La riforma dei cicli
Ora preferisco parlare della riforma dei cicli e dei nodi che sono emersi come inconciliabili. Primo punto: nella scuola di base si contesta la compresenza di competenze professionali diverse di maestri e di professori della media. Gli elementi di contrasto mi pare partano dalla condizione degli insegnanti e dalle modalità di cooperazione tra loro piuttosto che dalle esigenze dei bambini delle elementari, che sono già abituati a diverse figure compresenti (che siano maestri o professori a loro importa poco). Più interessante sarebbe il dibattito sulle competenze necessarie per insegnare nella fascia dall’infanzia alla preadolescenza, secondo quali scansioni formative e quali ambiti e discipline.

Personalmente ritengo necessario connettere questi problemi con il collegamento tra scuola di base e biennio, in quanto conclusione dell’obbligo scolastico, con un’articolata espansione/connessione della scuola media con i primi anni di superiori. Invece, l’attuale impianto di discussione, voluto così anche dal Ministro, rinchiude la scuola di base nei sette anni e considera il biennio esclusivamente come inizio della scuola superiore.

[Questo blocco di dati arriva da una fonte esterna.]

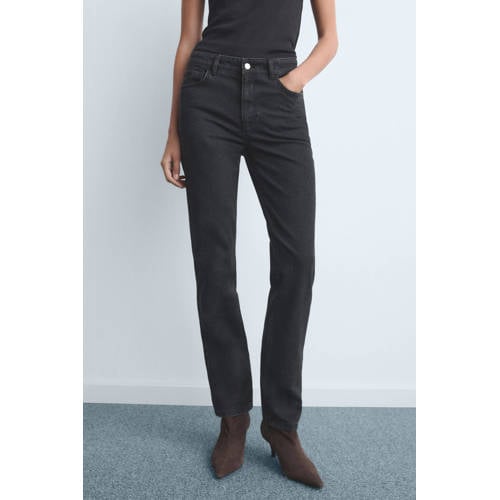 Mango high waist slim fit jeans black denim afbeelding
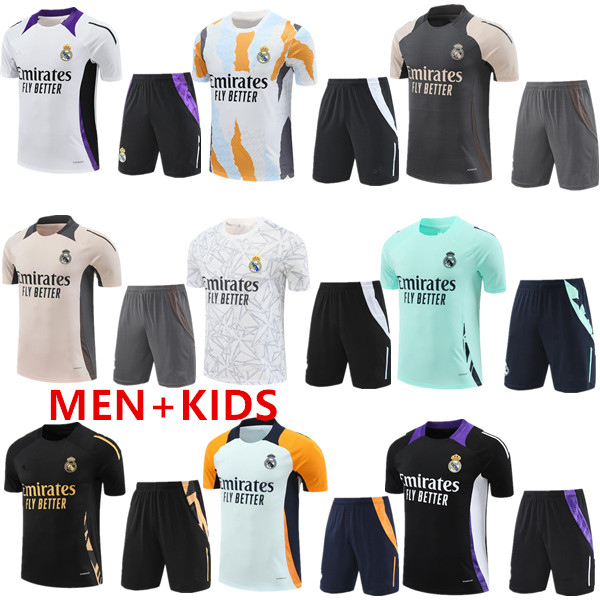 2024 2025 mbappe TRACKSUIT set TRAINING suit 24 25 BELLINGHAM VINI JR men and kids short sleeve vest football training suit chandal futbol surveyement AAA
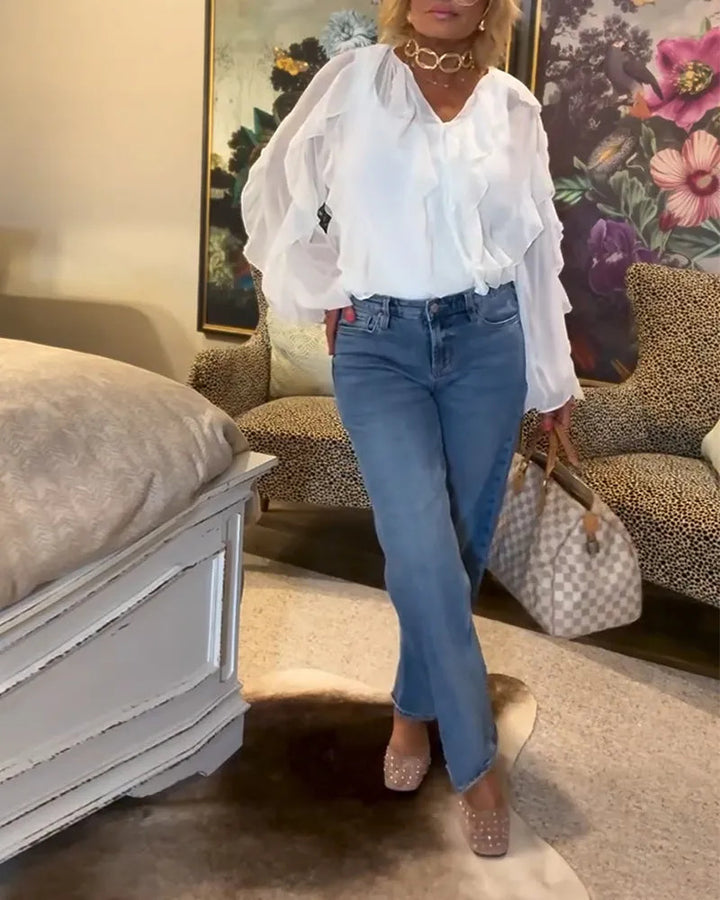 Damen nan semitransparente Lagenvolant-Bluse aus Chiffon mit Ballonärmeln und verdeckter Knopfleiste Drune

Non si sta approfondendo il problema particolarmente qualificante del rapporto tra i contenuti e le competenze, snodo fondante della riforma, almeno nelle intenzioni originarie di Berlinguer, che oggi è decisamente in secondo piano, se non abbandonato. In quello snodo sta, invece la novità della futura scuola : pensare, cioè, che le conoscenze debbano poter essere applicate ed utilizzate sia per continuare a conoscere sia per operare e lavorare. Non credo che questo sia la copia del modello americano, che ha altre radici e impostazioni, ma la risposta, il più possibile adeguata, alle nuove esigenze di conoscenza e di abilità operative.

Mentre la riforma della scuola si impantana nella definizione dell’articolazione dei cicli e dei curricoli, si stanno attuando altri pezzi: l’autonomia, dopo l’assetto organizzativo, dovrà provvedere anche a quello contenutistico dei programmi, ma ciò non sarà possibile senza la definizione ministeriale dei curricoli. Inoltre, è stato approvato l’obbligo formativo a diciotto anni, che implementerà, in mancanza d’altro, l’istruzione professionale extra-scolastica delle fasce meno acculturate. Infine, è in via di attuazione la riforma del Ministero e l’abolizione dei provveditorati, modificando strutturalmente l’impalcatura burocratica del sistema scolastico nazionale.

Rimane, invece, a livello di proposta la nuova formazione professionale degli insegnanti, ma anche questa è soggetta e forte critiche e a contraddizioni con i modelli appena strutturati dall’Università delle scuola di specializzazione. In sostanza, una parte consistente della riforma pensata da Berlinguer è in corso, ma mancano i due tasselli cardini della formazione scolastica : la preparazione dei docenti e le prospettive formative degli studenti. E non è poco.